16 out of 16 people found this review helpful.
A Superficial Take on Moral Choice in Gaming
Date of Review: Mar 11, 2007
The Bottom Line: This is really, underneath a veneer of moral choice and customization, just another hack and slash skill-developing role playing game.
I have not played video games for some seven and a half years, which is not coincidentally the length of time I have been a parent. But last week as I shopped in Target a video game entitled Fable: the Lost Chapters caught my eye with the large text on the cover reading "For Every Choice, A Consequence." The cover goes on to read:
"Imagine a world where every choice and action determines what you become. Where you evolve in real time based on every little thing you do . Your decisions make you a hero, villain, or anything in between."

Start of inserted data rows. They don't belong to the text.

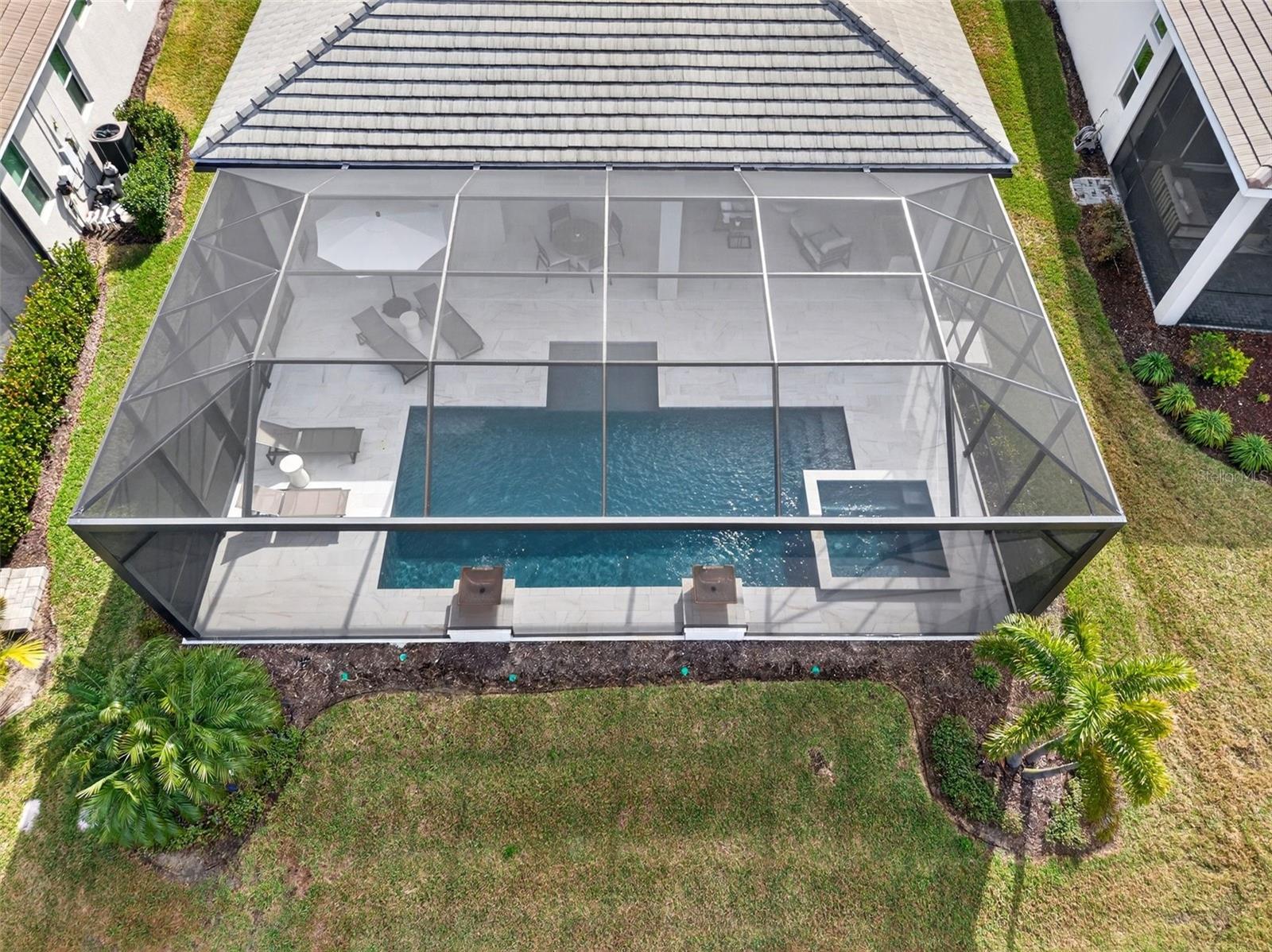 ISLES AT LAKEWOOD RANCH - Residential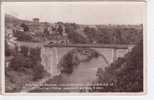 43.003/ Env. De BRIOUDE - VIEILLE BRIOUDE - Vue Générale Et Pont Sur L'allier - Brioude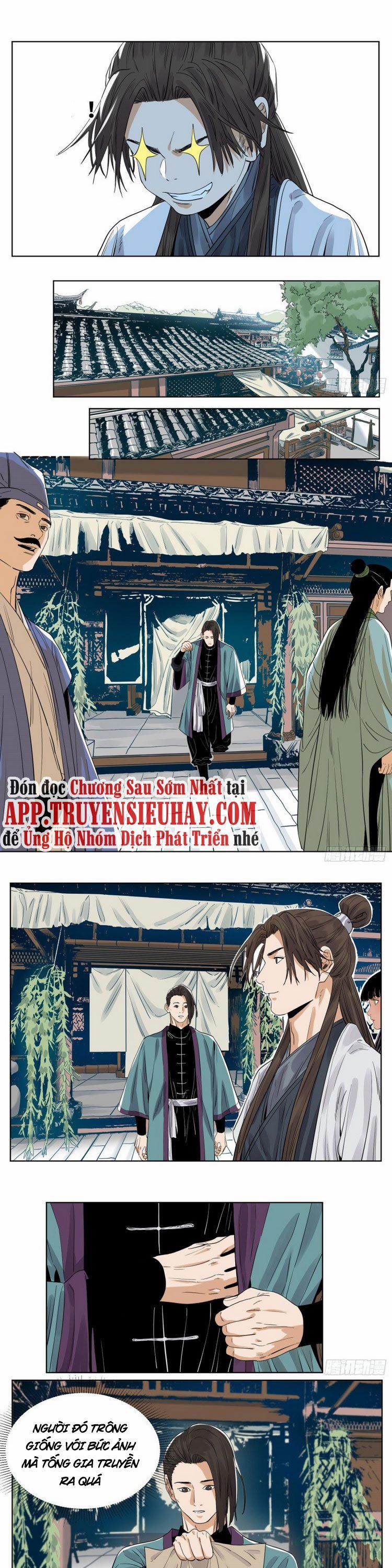 Đạo Quân 46 trang 5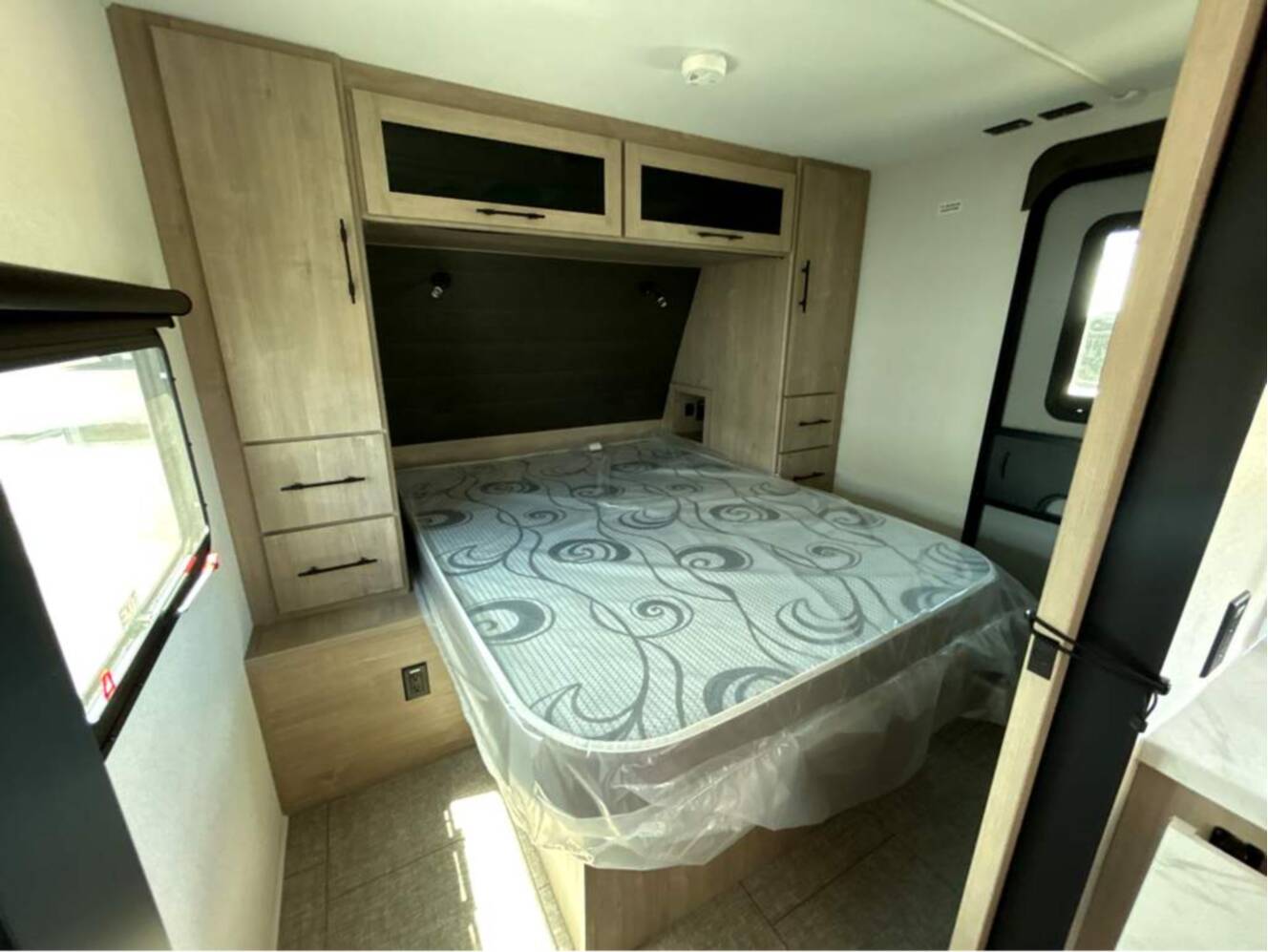 A photo of this 2026 Grand Design Imagine XLS 25DBE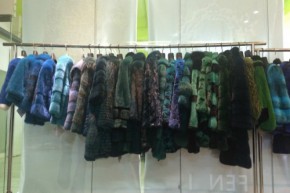 芬姿 - FENZI店铺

That seemed cool enough for me to try, and so I did. But I was disappointed. Whether you turn out to be evil or good is pretty simply dependent upon whether you do clearly good things (kill evil beasts in "good quests") or clearly bad things (kill nice people and steal). There's no shade of gray, there's no ambiguity about whether a course of action will prove to have good or bad effects, and little combination of good and bad in a single character in the game. And the effects of your conduct? Why, if you're bad, you grow ugly and sport horns. If you're good, you end up looking wholesome in a beddable Legolas sort of way. If you're bad, nasty insects swarm around you. If you're good, you're followed by butterflies. If you're bad, townspeople boo you. If you're good, they cheer. That's kind of cute, but it's superficial.
Without the merely superficial differences that follow from your conduct, it's just another one of those "hero" games with quests and skills and magic points and yawn yawn yawn. These quests and skills and magic points and so on aren't horrid, but they aren't special, either. If you fail in a particular attempt, you go back to the start of a quest and try again, and again, and again until you get it right. Controls are complicated enough Shift+O, or is that Shift+0?, to cycle through spells that even the developers lost track of whether you should press the right control key or the right shift key to cast a spell when using a mouse eeeeeergh. What a mess.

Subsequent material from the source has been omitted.